DATA BLOCK section start
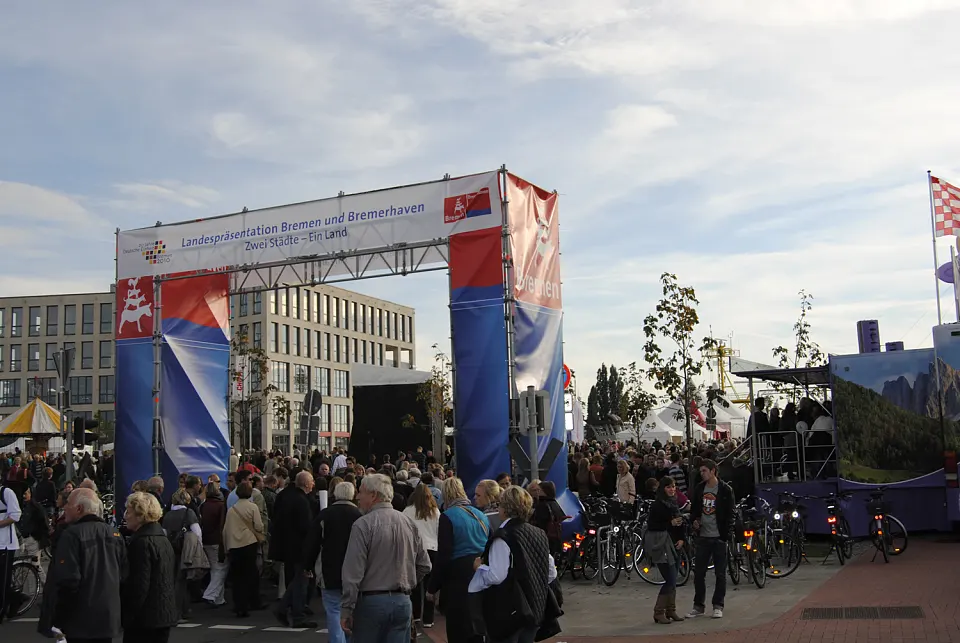Eingang in die Bremen-Pr&auml;sentation auf der L&auml;ndermeile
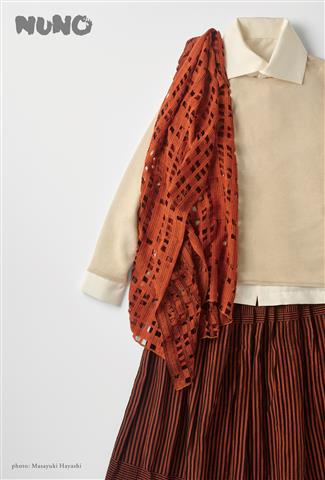 「伝統を紡ぐ」NUNO ×cucuri（2つのブランドの洋服の展示）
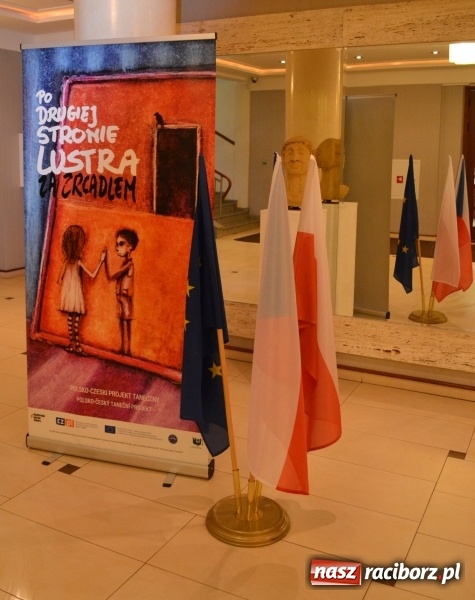 Zdjęcie w galerii na portalu naszraciborz.pl: Po drugiej stronie lustra. W RCK trwają warsztaty taneczne  wiadomości z regionu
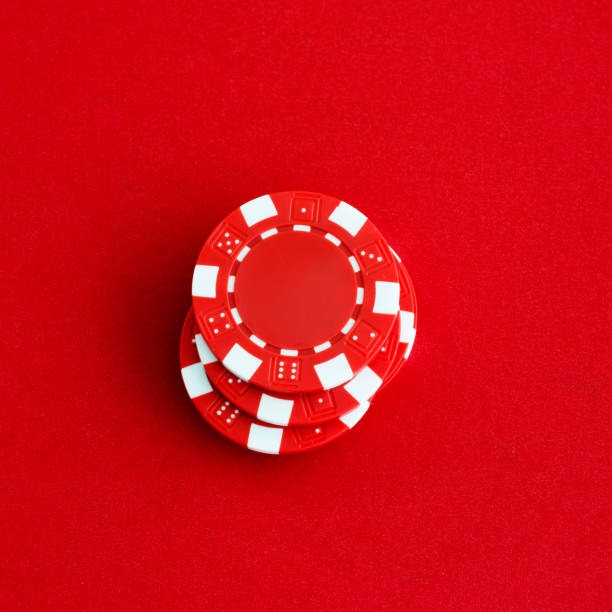 Player cards and dealer cards in a Bandar Ceme round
DATA BLOCK section end
__WHAT IS BEING ASKED__.
Write out again every line above exactly as given; the pictures do not belong in the copy.

__ANSWER SPACE__.
Eingang in die Bremen-Pr&auml;sentation auf der L&auml;ndermeile
 「伝統を紡ぐ」NUNO ×cucuri（2つのブランドの洋服の展示）
 Zdjęcie w galerii na portalu naszraciborz.pl: Po drugiej stronie lustra. W RCK trwają warsztaty taneczne  wiadomości z regionu
 Player cards and dealer cards in a Bandar Ceme round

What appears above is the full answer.